Alzheimer’s and the nutrition link

Research has now borne out what many nutritionists have been saying for some time – that lifestyle changes could prevent Alzheimer’s disease. There are 820,000 people in the UK with dementia, yet researchers from the University of California have found that a ‘couch potato’  lifestyle with little or no exercise is the biggest culprit.  A healthier diet, more exercise and giving up smoking could actually halve Alzheimer cases.
Smoking, a poor diet, obesity,  high blood pressure and cholesterol  were found to contribute to Alzheimer’s as they cause damage to the blood vessels in  the brain. Blows to the head can also increase the risk of developing the disease later in life.
In addition  it was also claimed that spending  years at school and university protect the brain in old age, presumably due to stimulation of the brain.
Carrying on as we are is not an option with predictions of over 1 million Britons expected to have Alzheimer’s in the next 10 years, particularly as people live longer lives.  It is always a good idea to have homocysteine levels tested because this high  levels of this amino acid in the blood can lead to the disease as well as other serious illness.
The awful statistics

By the time someone reaches 80 they have a one in five chance of getting dementia, and most people who get it are over 65.
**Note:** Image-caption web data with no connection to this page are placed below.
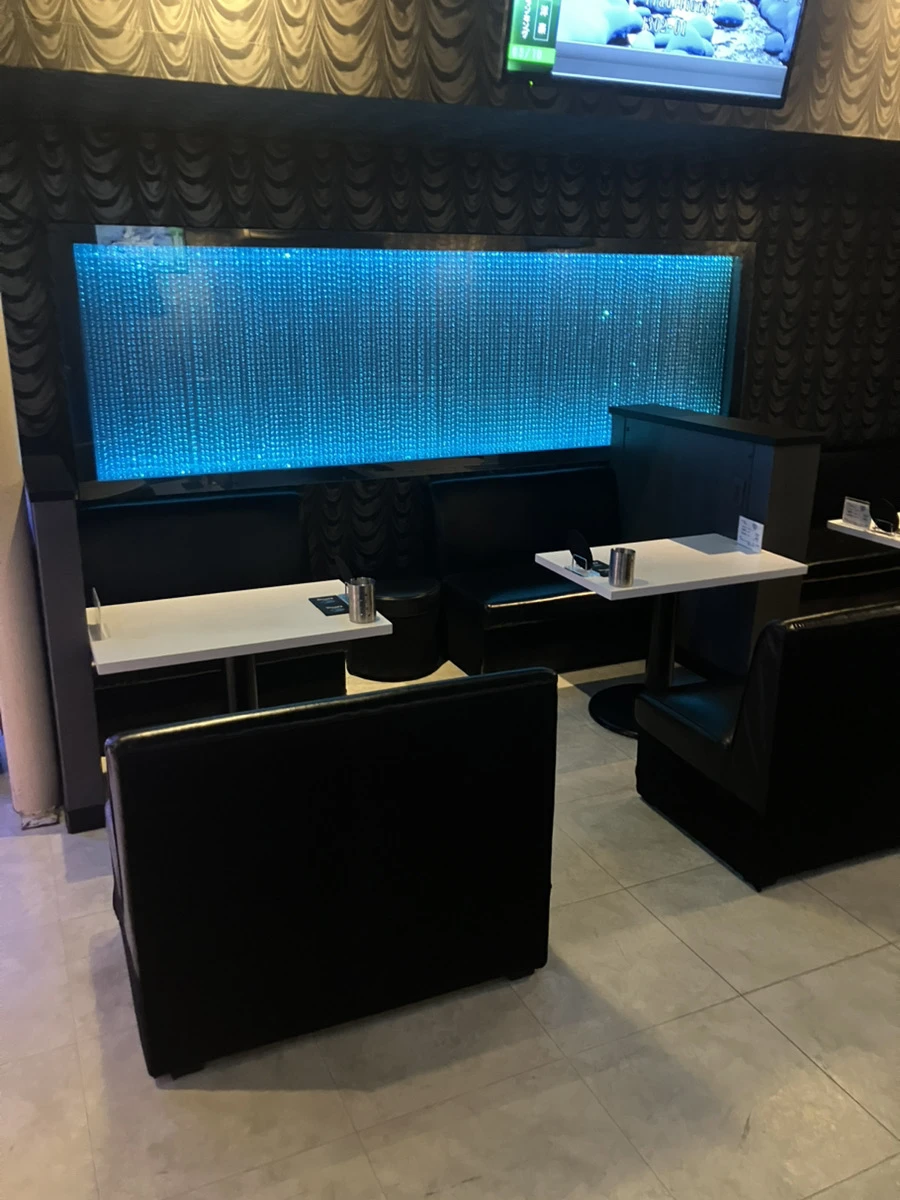 店内写真1枚目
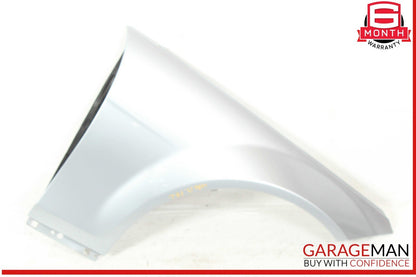 08-14 Mercedes W204 C250 C350 Front Right Side Wing Fender Panel Cover OEM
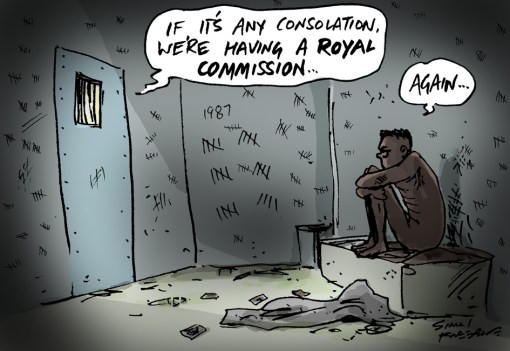 Royal Commission pic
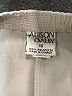 Allison Daley 100% Polyester Solid Tan Casual Pants Size 16 - photo 4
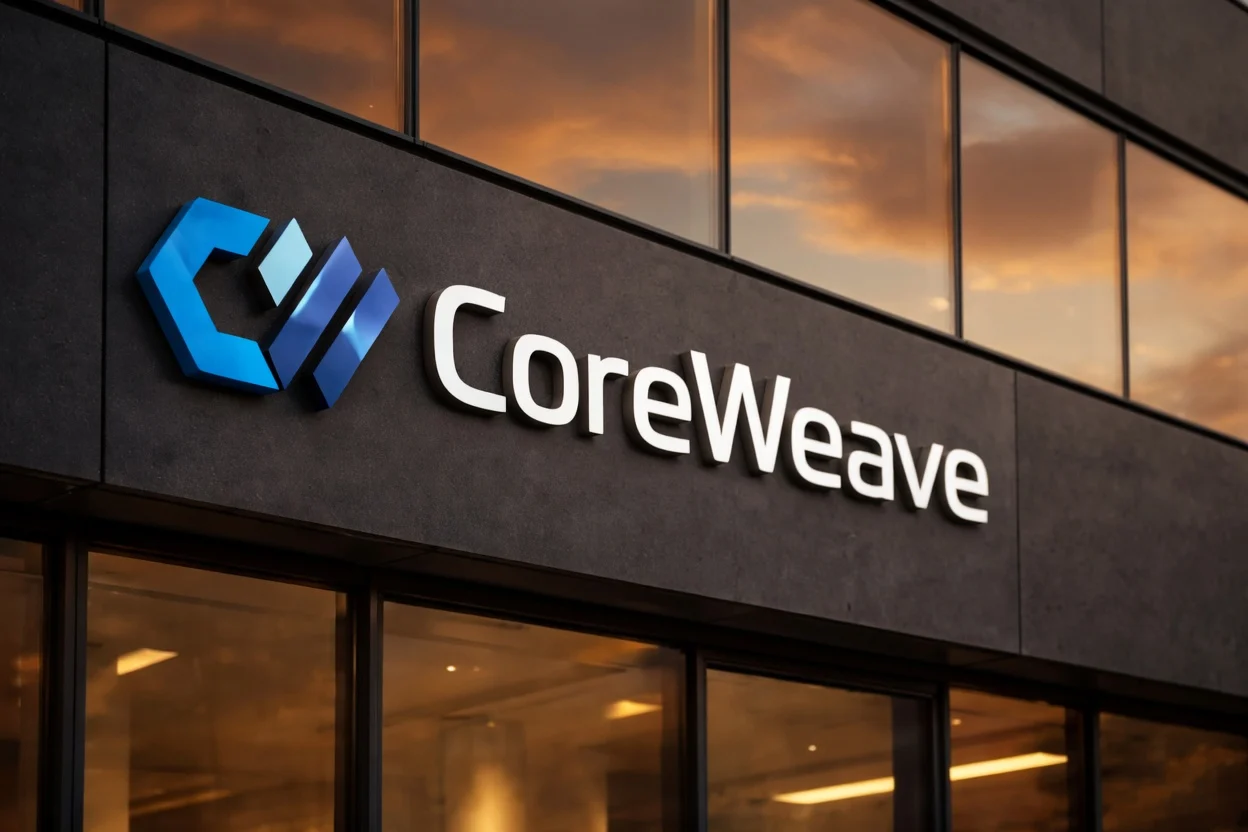 CoreWeave (CRWV) Stock Surges 19% on Improved Pricing Power and Contract Margins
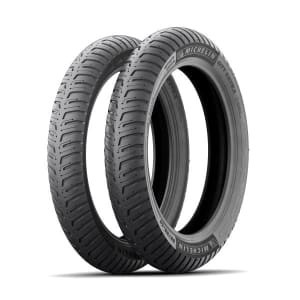 Anvelopa moto MICHELIN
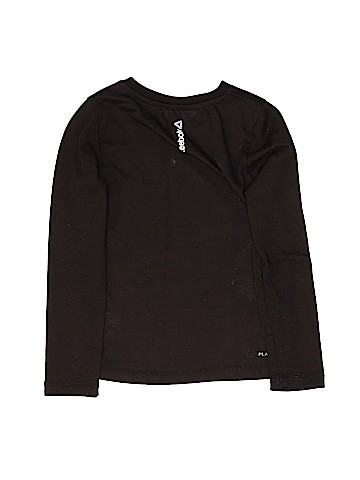 Reebok Long Sleeve T-Shirt (view 2)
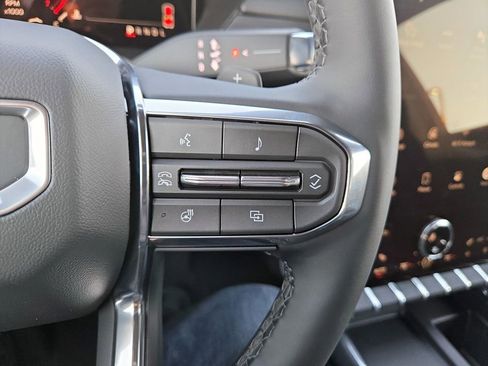 New 2026 GMC Acadia Elevation w/ Black Edition FWD image 16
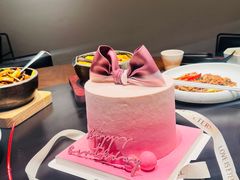 -名点荟·生日蛋糕·下午茶(五缘湾店)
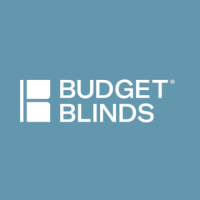 Budget Blinds of Kokomo and Lafayette Logo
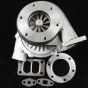 Turbocharger VOE11033834 466742-0012 Turbo T04E10 for Volvo Articulated Haulers A20C A25C Engine TD73K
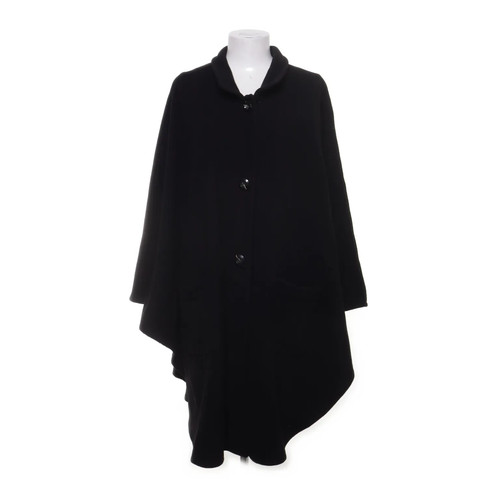 Jensen coat cape größe - coat,, größe:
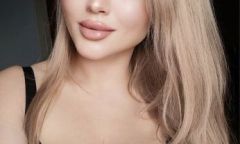 Call girl Julia Phone: +971 50 923 3845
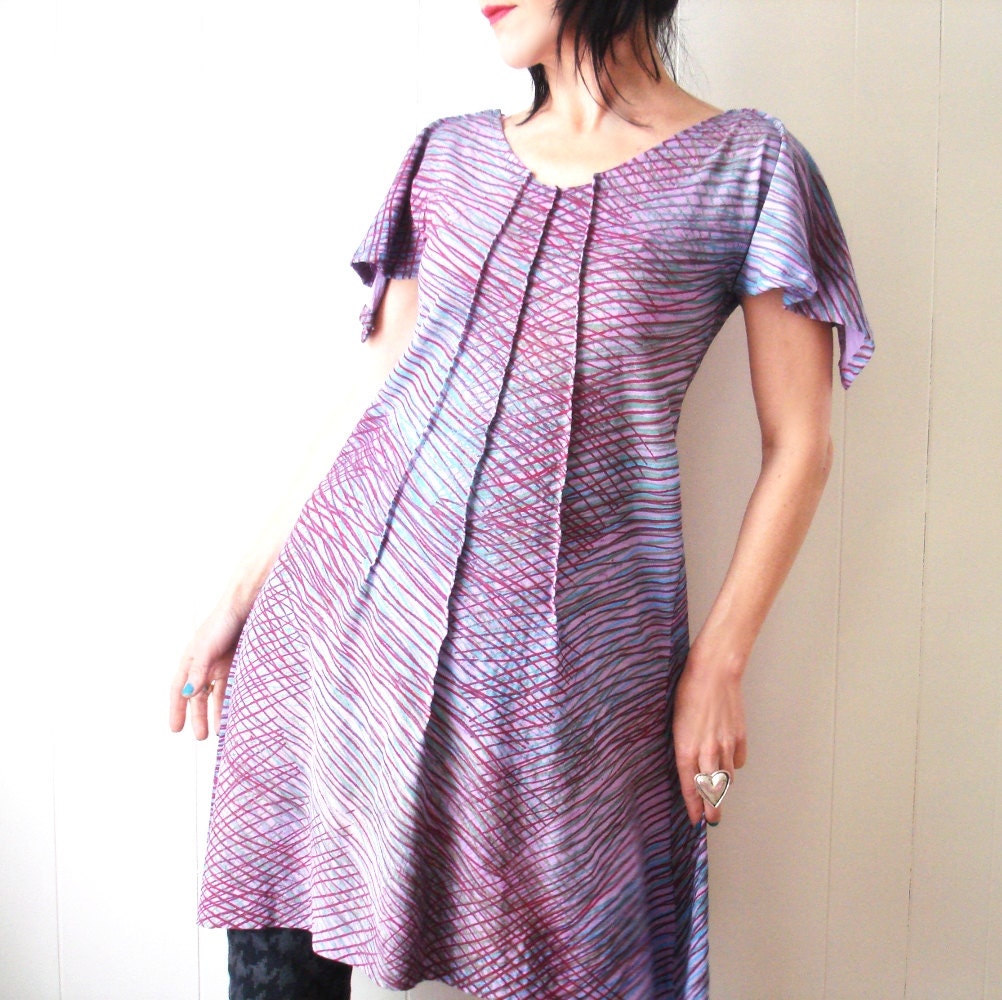 Some Sweet Day  - iheartfink Dress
Dementia is a collective name for progressive degenerative brain syndromes that affect memory, thinking, behaviour and emotions. Alzheimer’s disease is the most common form of dementia.

Symptoms of dementia are:

Memory loss
Inability to find the right words to say or lack of understanding of other people
Difficulty in performing routine tasks
Changes in personality and mood

Surely it doesn’t need to be like this

Report shows link to nutrition

A report issued by two charities, The Mental Health Foundation and Sustain showed that one of the reasons for the increase in mental illness in the UK has been our change in diet. It found that changes in the way that food is produced and manufactured has reduced the amount of essential fats, vitamins and minerals that we eat.

People are eating far less Omega 3s fatty acids (from oily fish, seeds and nuts) than they used to and consuming farm more Omega 6 fatty acids. Apparently the unequal intake combined with a lack of vitamins and minerals is linked to depression, concentration and memory problems.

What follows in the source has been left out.